There are many. But I will narrate an important incident when I was working with C-Dit. P. Bhaskaran had made a 3-hour film on the history of Malayalam cinema. It was an amateur movie made from cuts of many films. It had so much of material including those of yesteryear hero Prem Nazir and so on. It was produced by KSFDC. To compensate the loss it made, the late K.R. Mohanan decided to transform it into a tele-serial, so that it would get sponsorship. Jose Thomas, a close friend of mine, who is with a prominent TV channel now and I took up the task as co-directors. When we began, it went out of our hand. We shot videos widely and collected thousands of pictures from the office of an old film magazine in Kottayam and other archival sources. We conducted hundreds of interviews as part of the project. Almost 90 percent of the personalities we interviewed are not alive today. After airing 13 episodes, it was stalled following some differences with the KSFDC. But the vast archival resource was not preserved. A prominent channel had bought them and even Chalatchitra academy too created some CD-Roms after an initiative by an ‘eternal’ researcher named Sasikumar. The vast resource material of cinema history, which was painstakingly created by our team is still in the dark.

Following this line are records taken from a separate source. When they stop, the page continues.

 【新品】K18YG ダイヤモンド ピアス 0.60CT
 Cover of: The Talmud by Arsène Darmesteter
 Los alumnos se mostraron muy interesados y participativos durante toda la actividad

The work had even influenced my personality. It gave me a great experience in creating long narratives in poetry too. Though the Doordarshan had aired it as a semi-popular programme, its significance is that it's a huge archive. It would be a great thing if we could revive them. There were over 400 tapes. I have no idea where they are now or if all they have been digitized. It also contains good interviews with M.T. Vasudevan Nair, Adoor Gopalakrishnan, K.G. George and so on.

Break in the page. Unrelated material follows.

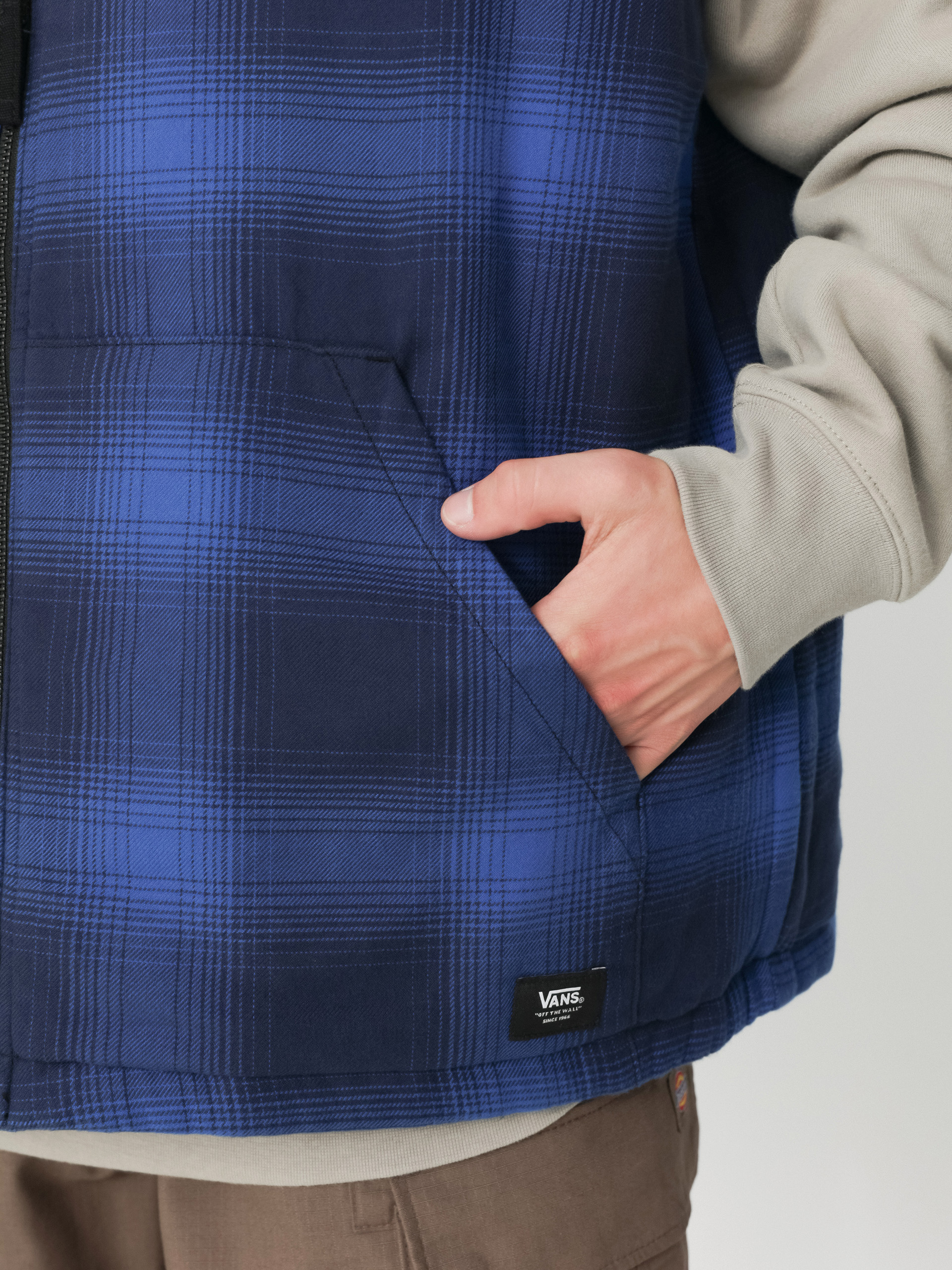 Vans Talbot Reversible Vest (black/true blue)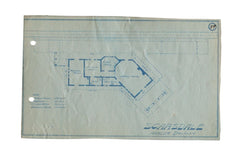 Vintage Scarsdale NY Train Station Blueprint / ONH Item 6644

Malayalam films are part of an industry now. What is your prophesy for parallel cinema, which is getting reduced in number and are drowned by the cacophony of so-called thrillers?
It may be true if we consider the linear differentiation between the parallel cinema of the past with the present day commercial flicks. But at present too there is a fight for the art of film-making. Cr No. 68 by director Sudevan is an example. The film has some technical issues but there are interesting artistic element in it. The same can be found partly in Sanal Kumar Sasidharan's films too. So even now the lifeline of art of film making has not been exhausted. It won't exhaust either. The concern for the aesthetic sense of cinema will last forever. The recent flick, Thondimuthalum Driksakshiyum, directed by Dileesh Pothan, is an example. Rajeev Ravi too engages experiments on that line. He does it by incorporating all the elements of the industry. So cinema as an art form has not ebbed. The fight is on and will continue. I believe it is that fight which will be carrying the cinematic medium forward.
'Mehbub Express,' a poem by Anvar Ali, published in a Malayalam magazine recently, has widely been read and appreciated. The poem that adopts a free and lucid pattern portrays the zealous reflection on the youthful days of the writer when the loud rhythmic beats of trains used to amuse him. Beginning with a childlike innocence imitating the beats - 'Kollathe pappadam...' the poet trails the journeys of his 'ikka' (elder brother) Mehbub and takes a meandering trip through a chain of events that had left indelible imprints on the face of the nation. The nostalgic course of imaginary 'Mehabub' chugs past the partition of India and Pakistan, the riots, assassination of former prime minister late Rajiv Gandhi, the Babri Masjid issue, Godhra carnage and so on. The poem also touches upon the changing face of Kochi as well. The verse is considered one of the most revolutionary masterpieces in Malayalam poetry in recent times.